The same might be said to apply to those on the right who make a strong case for curbing illegal and opportunistic asylum migration but who appear perfectly content to allow the future of the country to continue to be a passive subject of transnational forces driven solely by the bottom line of the giant corporations.
That helplessness is illustrated by the report. The dependency of the economy on overseas capital – with workforces largely recruited from outside of the country – means that there is little if anything the Irish state can do with regard to the environmental impact all of this has.
That goes way beyond data centres and transport costs tied directly to the production process. None of their thousands of new employees exist in some zero carbon vacuum. They add greatly to the environmental as well as social and fiscal costs associated with housing and other provisions.
Yet, none of the “key messages” highlighted by the report refer to any practical means to tackle this. There is a reference to “unauthorised harvesting and extraction of peat on an industrial scale.” That be some lad from Tulsk with a van. Not one to the impact of the giant tech corporations and data centres in anything other than fluffy “why can’t everybody be nice” platitudes about the “circular economy” and what not. Well, “no one tells United Fruit what to do,” as the predecessors of these transnationals used to let their comprador rentier hosts know.
What the “key messages” do contain is a whole plethora of “suggestions” where the Irish state has the power to impose its will upon the citizens of the state. Not least the farmers, small business people, self-employed and employees who unlike the corporations are in no position to manage their affairs so that they can avoid taxes and sanctions tied to the climate change agenda. Carbon tax being just one example.

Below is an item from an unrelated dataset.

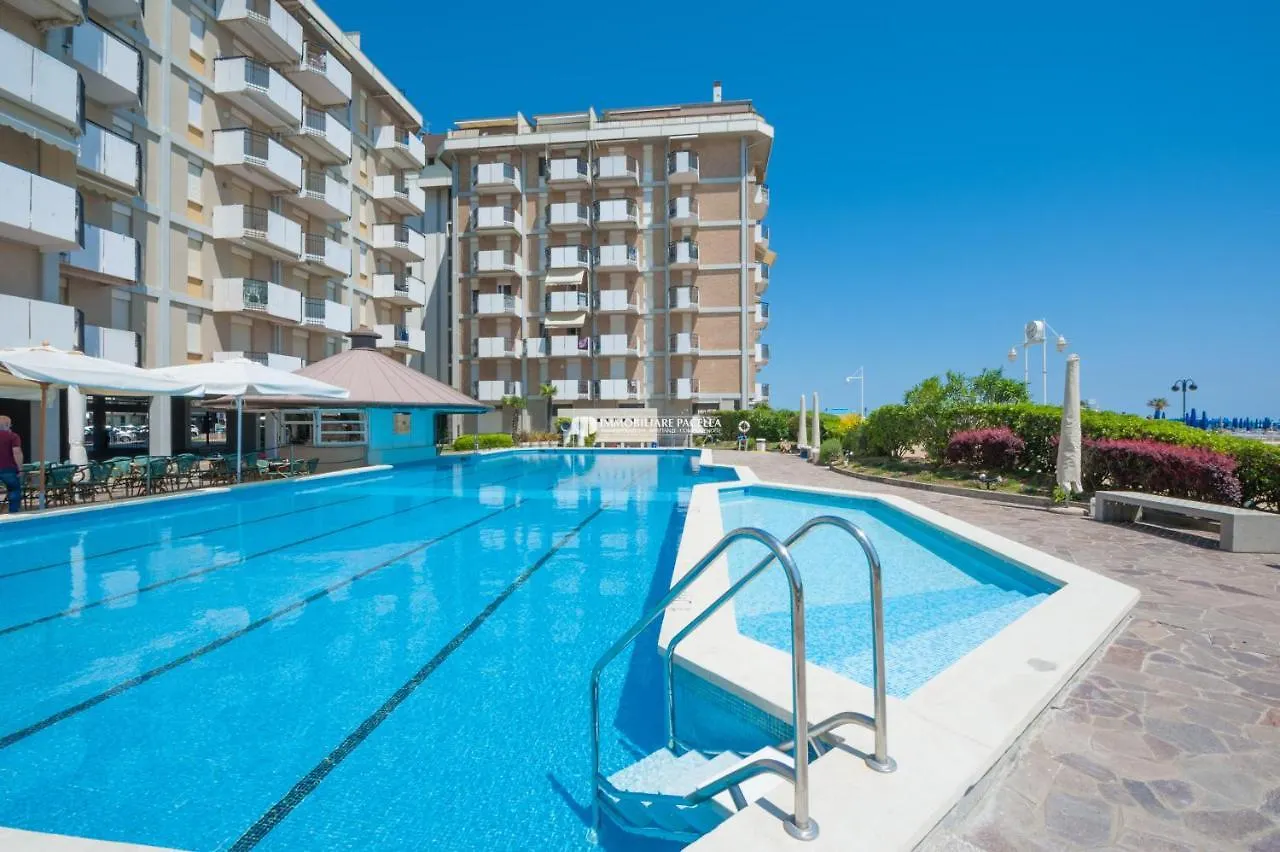 Apartament Residence Playa Grande Immobiliare Pacella Lido di Jesolo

There are several pages about how the agricultural sector can do its bit. Indeed, it has no choice because the EU has Biblical amounts of directives which Irish farmers are required to comply with. There is also a reference to “fishing at unsustainable levels.”
Does that mean that the Irish state is proactively attempting to recover sovereignty over this sector and to protect a domestic and sustainable Irish fishing and processing sector and prevent further encroachments and unsustainable harvesting of our fisheries by super trawlers even from outside of the EU? Of course it doesn’t. The Irish state prefers to “decommission” the fishing fleet which will eventually mean that like most other things all fishing here will be in the hands of external actors.
Our job, meanwhile, is merely to take the bins out and sweep the yard in Industrial and Financial Centre Ireland, Inc. And not to be going around cutting turf on your own bog, catching the EU’s fish five miles off the coast of Kerry and generally being a threat to the world’s climate.